We’re driving on our way to a stock show and rodeo. “Rodeos are great, I think!” Brinley says excitedly. “It’s kind of like jury duty.”
Brin is talking about going to the doctor but struggles to find the right word. “I’m excited to go to the… health dentist.”
Sarah to the kids on Christmas morning, “No more cotton candy until you have your cinnamon rolls!”
We’re watching Home Alone for the first time. Brin is just aghast at the audacity of the villains doing their various crimes. She says, “ You know what I would do? I would sit on their faces… and toot on them!”
We drive past an empty lot where prairie dogs have taken over. Brinley exclaims, “Ooh! …ground… hogs. Wait, what are they called?”
“Prairie dogs.”
“Prairie dogs are the worst word because people can always forget the name.”

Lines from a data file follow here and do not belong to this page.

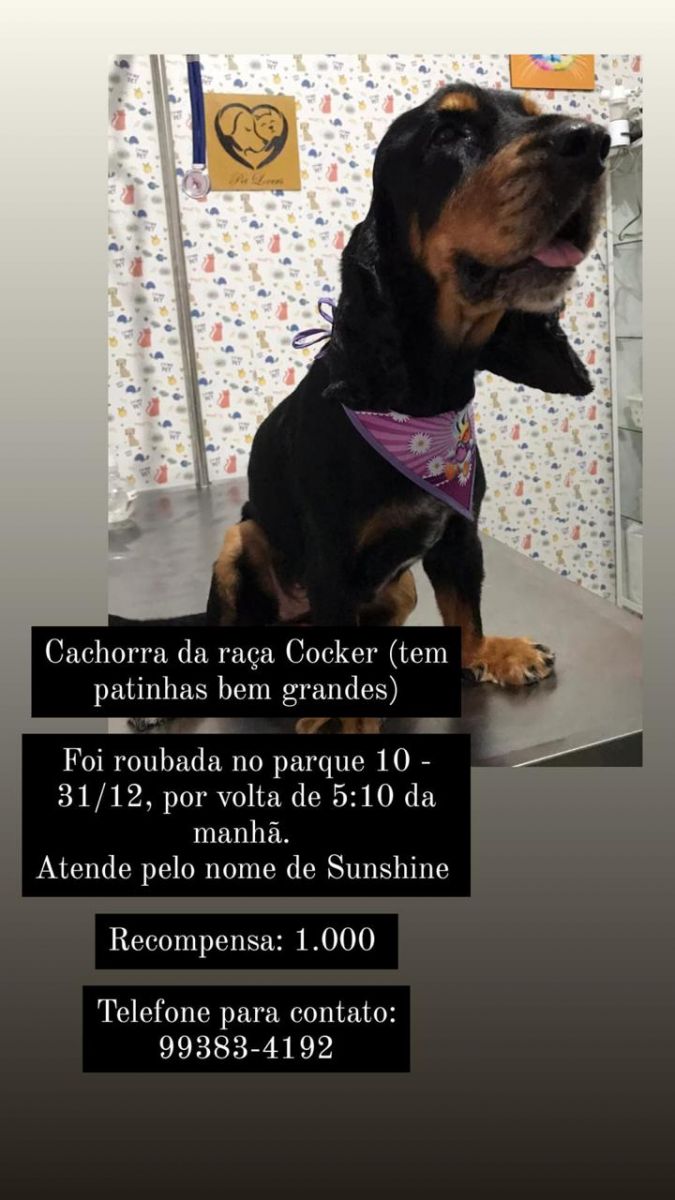 Foto: Arquivo Pessoal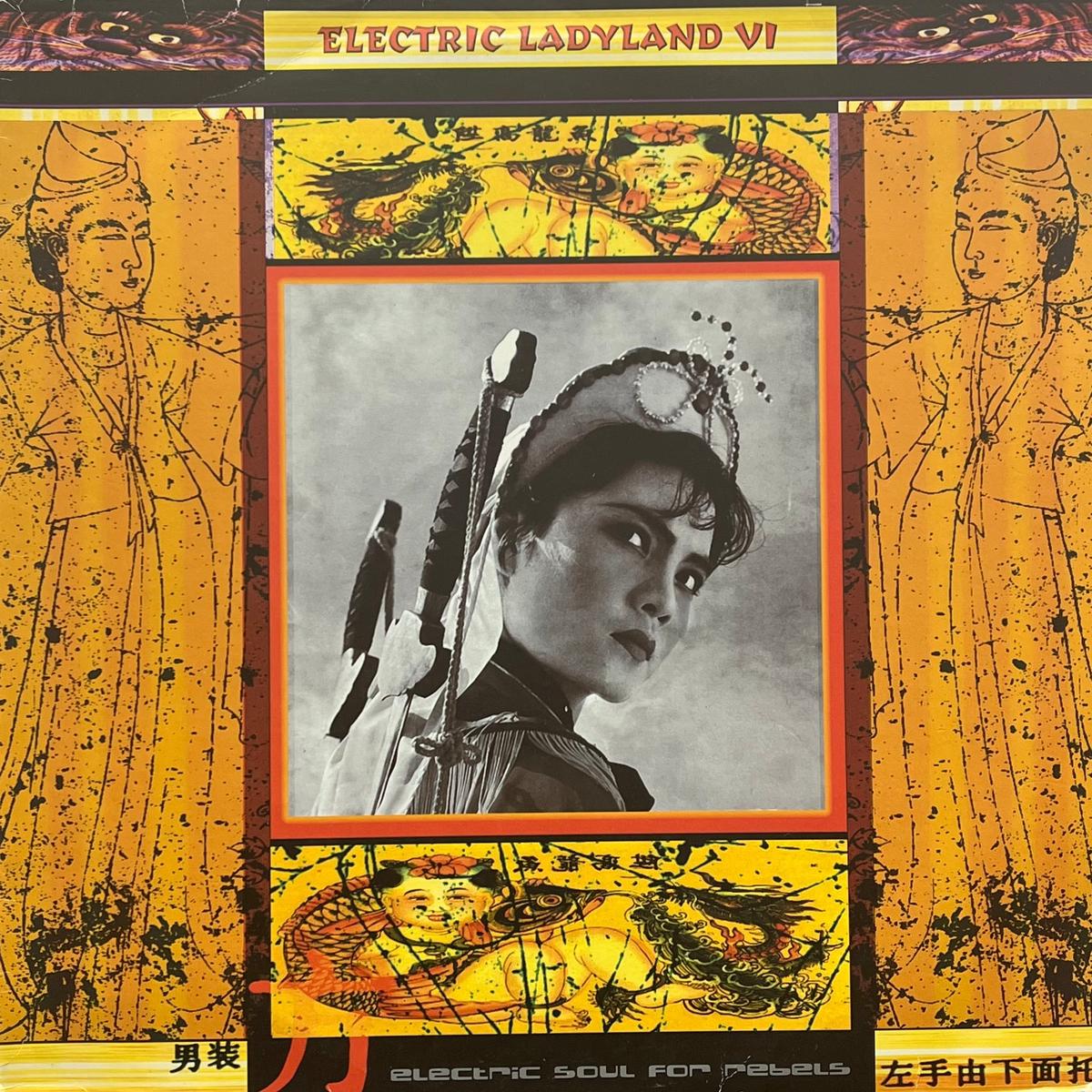 V.A. (DJ SPOOKY,TECHNO ANIMAL) / Electric Ladyland VI (Mille Plateaux MP 055, 2LP)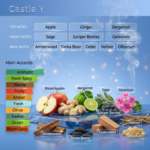 Castle Y (Inspired from YSL Y) - Image 2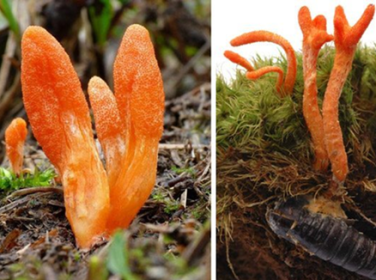 Các loại đông trùng hạ thảo và tác dụng, lưu ý khi dùng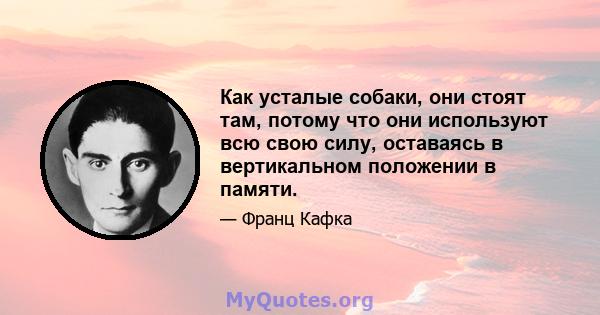 Как усталые собаки, они стоят там, потому что они используют всю свою силу, оставаясь в вертикальном положении в памяти.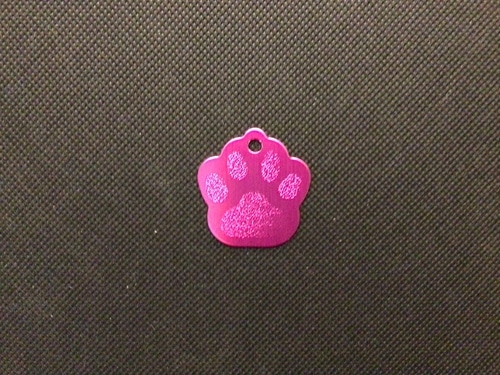 Engraved Pet Name Tag - Imagen 19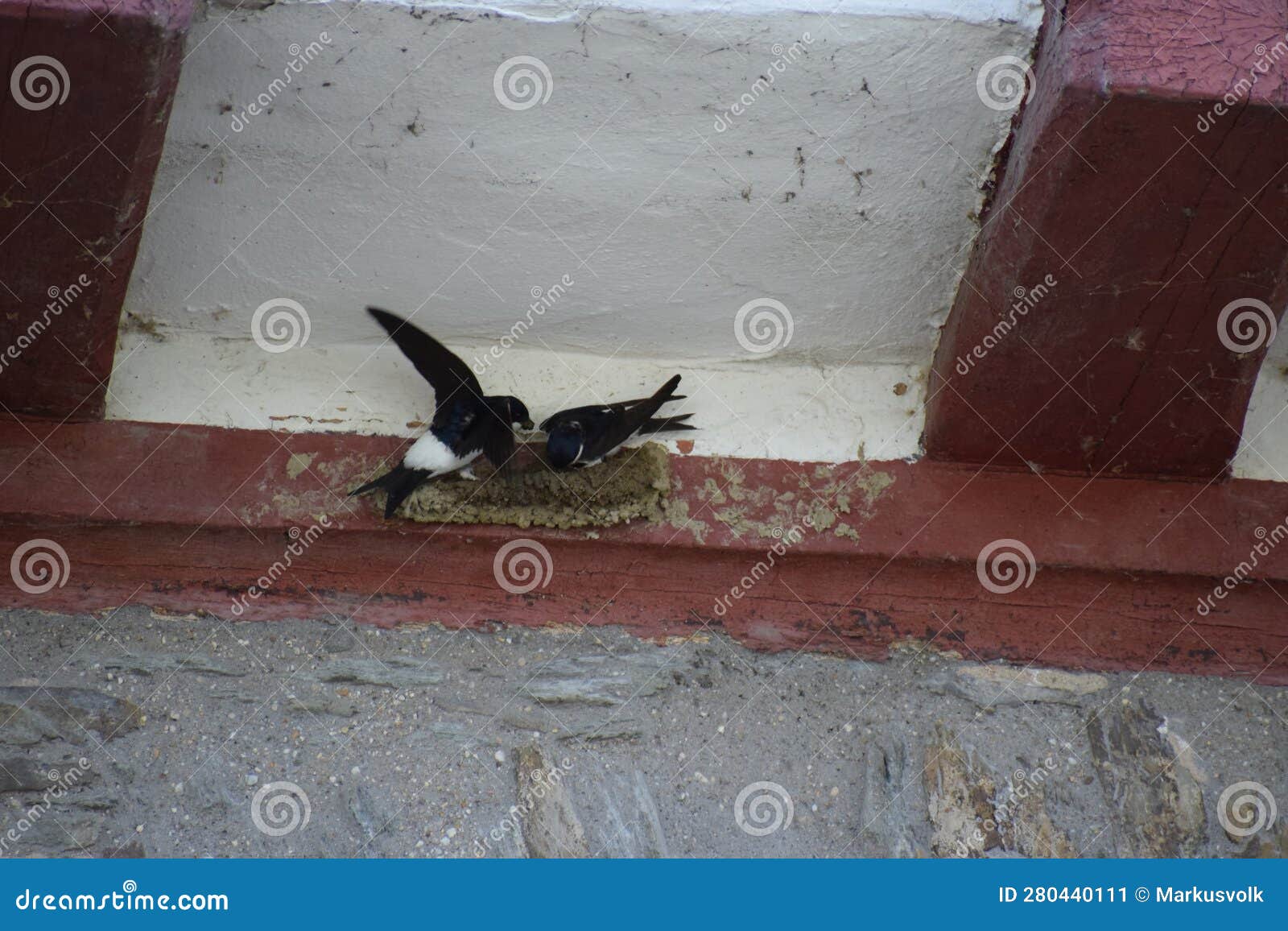 two saw-wings while building a nest at red wood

Brinley: They should separate pee and poop.
Me: Um… what?
Brinley: Pee and poop sound too similar. They should call pee… pellevity.
Brinley, terrified of bees, comes across a dead bee on the sidewalk.
“Argh! A bee!”
“Don’t worry,” says Sarah, “It’s already dead.”
“Well, step on it and make it more dead.”
Tonight I shave while the kids are in the bath. Brin has fun likening me to Santa but then hits me with, “You don’t look jolly to me; you’re shaving off all of your love. Your beard.”
Brin awkwardly gets in the bath tonight and makes a bit of a splash. To calm any fears I might have she says, “Don’t be alert, I tried to do that.”